FE Today Logo
Search date: 03-01-2025 Return to current date: Click here

Freeing the stock market from undue interferences

January 03, 2025 00:00:00


The recent restructuring of the Bangladesh Securities and Exchange Commission (BSEC) following the August transition signals a significant shift towards freeing the stock market from regulatory interferences. This move aims to allow market forces to determine the course of share transactions, fostering a fair and transparent environment for investors. For over a decade, manipulation, often facilitated by collusion with regulators, distorted the market index, leaving long-lasting damage to the country's stock market. Experts argue that during the previous administration under Sheikh Hasina, successive commissions exerted direct or indirect influence on market indices and turnover. The objective was to create an artificial sense of optimism among investors. Through such machinations, the market displayed engineered movements to lure new investors, only for many to suffer losses as overpriced shares were dumped onto general shareholders. Despite repeated media reports highlighting these malpractices, the regulators at that time ignored the issue, allowing manipulators to operate with impunity.

The new commission, established under the interim government, has pledged to restore good governance and investor confidence. As part of this commitment, several probe committees have been formed to investigate past malpractices and identify the culprits. Stringent actions have been taken against brokers and investors violating securities rules, signalling a zero-tolerance policy towards misconduct. The newly appointed BSEC Chairman has emphasised the importance of fostering investor confidence through fundamental changes driven by market dynamics, rather than temporary or artificial measures. To achieve these goals, the BSEC has created a task force to recommend comprehensive reforms aimed at revitalising the market and setting it on a sustainable growth trajectory. This leadership has also prioritised disciplining market stakeholders. In an assertive move to enforce compliance, the BSEC imposed hefty fines on manipulators and companies implicated in malpractices under the previous regime.

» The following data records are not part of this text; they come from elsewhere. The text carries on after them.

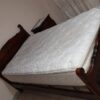 Cama plaza y media con mesa de luz y colchón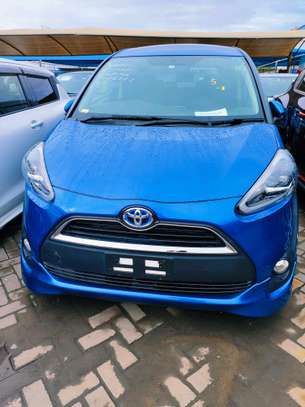 Toyota Sienta 2017 hybrid blue 2018 2wd image 12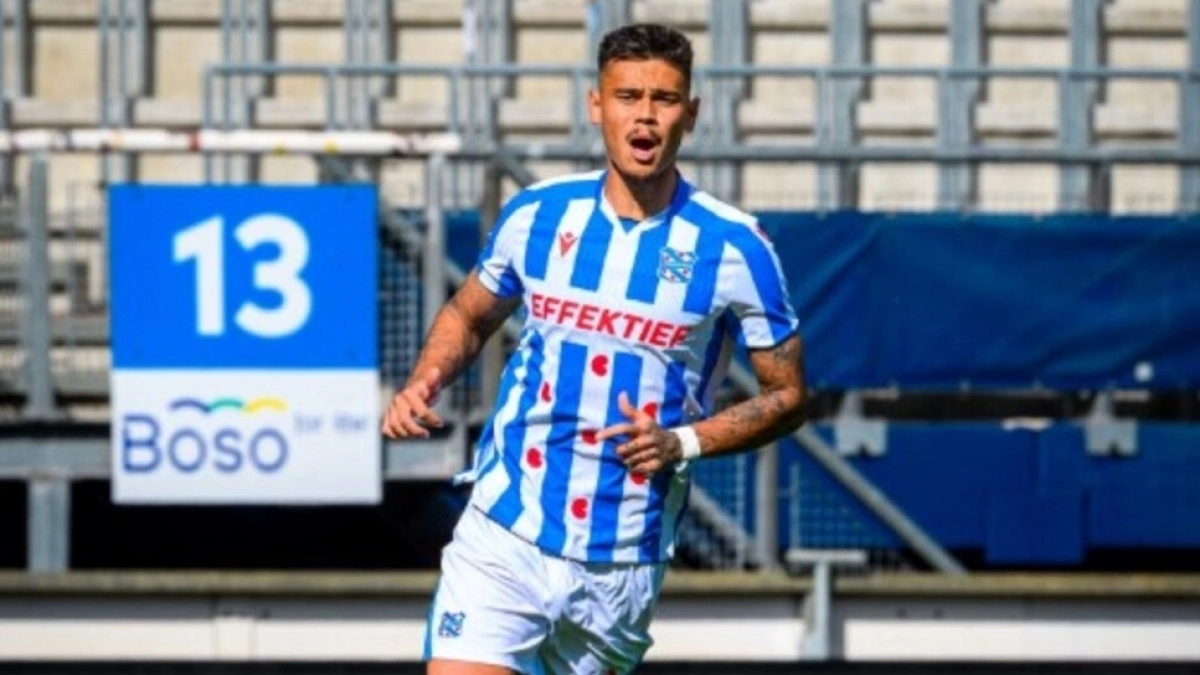 3 Laga Cuma Jadi Cadangan, Mees Hilgers Masih Dianggap Belum Layak Main 90 Menit di Eredivisie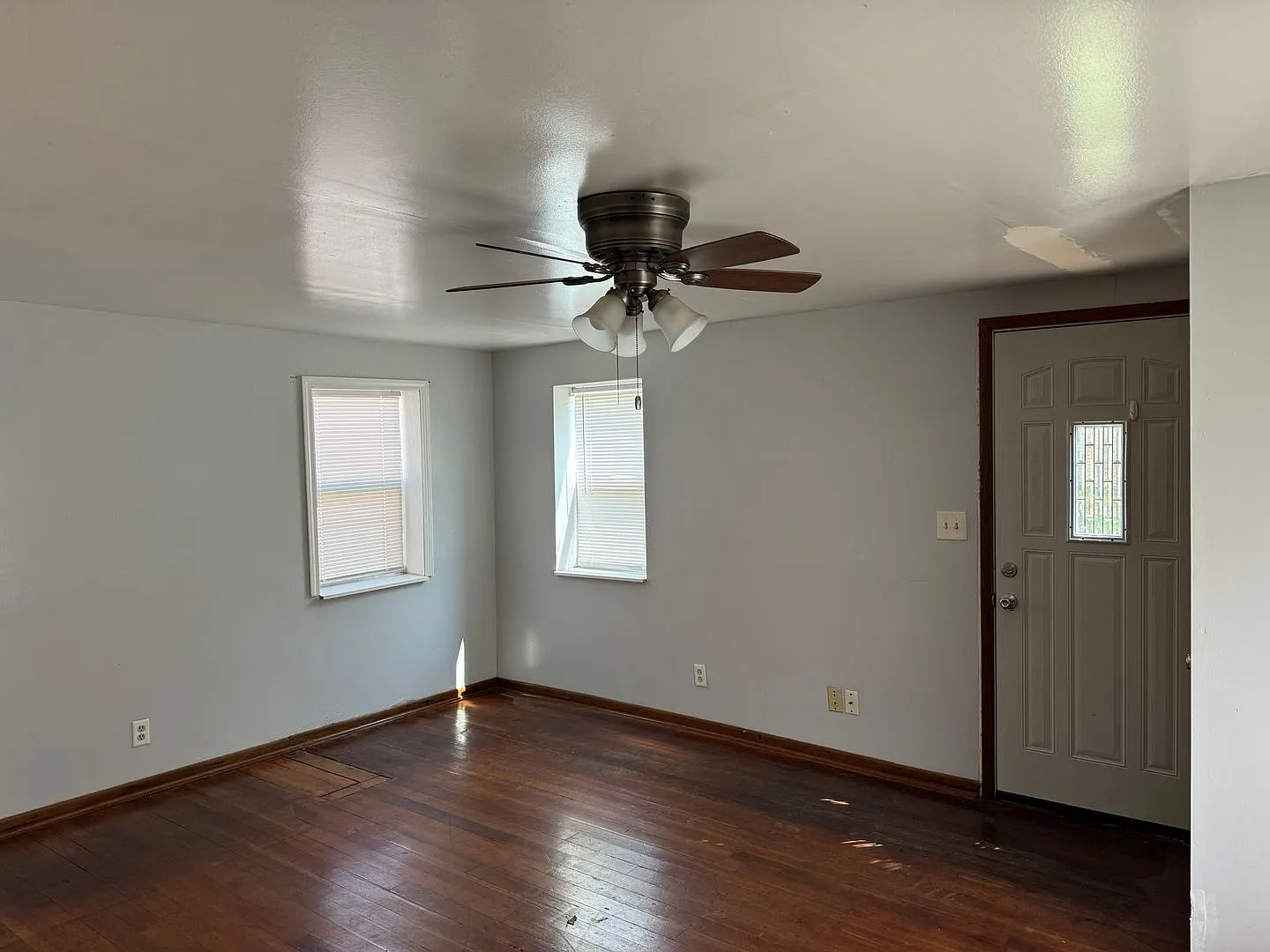 1521 - 1527 Harrison - Residential — Photo 2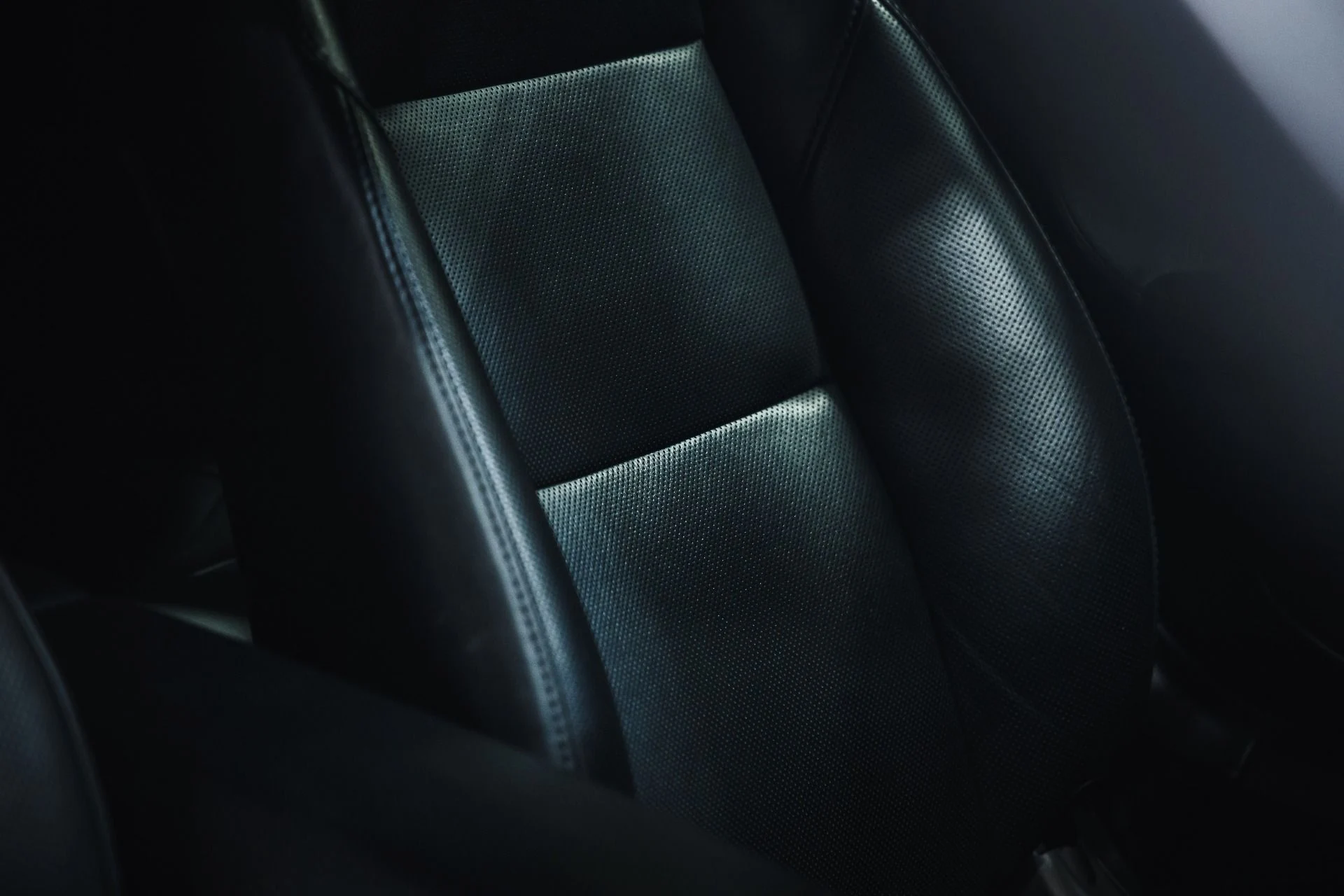 mph013_3175200377_Used_2014_Porsche_911_Turbo_1775101015_d41f3c1c42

A report by The Financial Express sheds light on gross irregularities that contributed to the market's instability over the past decade. Among these were frequent changes in margin loan ratios by regulators to encourage borrowing and market liquidity. While this temporarily boosted investments, it eventually led to negative equity burdens on investors. Additionally, regulators relaxed rules to accommodate poorly performing companies, undermining market integrity. Another contentious issue was the extension of tenures for closed-ended mutual funds (MFs), which eroded investor trust when unit holders were unable to liquidate their assets.

At a time when alternative long-term investment opportunities are scarce for the average investor, a sound and transparent stock market could provide a much-needed relief. However, this requires liberating the market from undue influences, ensuring that the performance of stakeholders-companies, brokers, and investors-is the sole determinant of market outcomes. The measures undertaken by the new commission are steps in the right direction. By addressing past irregularities and enforcing stricter regulations, the BSEC is laying the groundwork for a healthier stock market. This approach not only restores investor confidence but also ensures that the market operates as a fair, efficient, and transparent platform.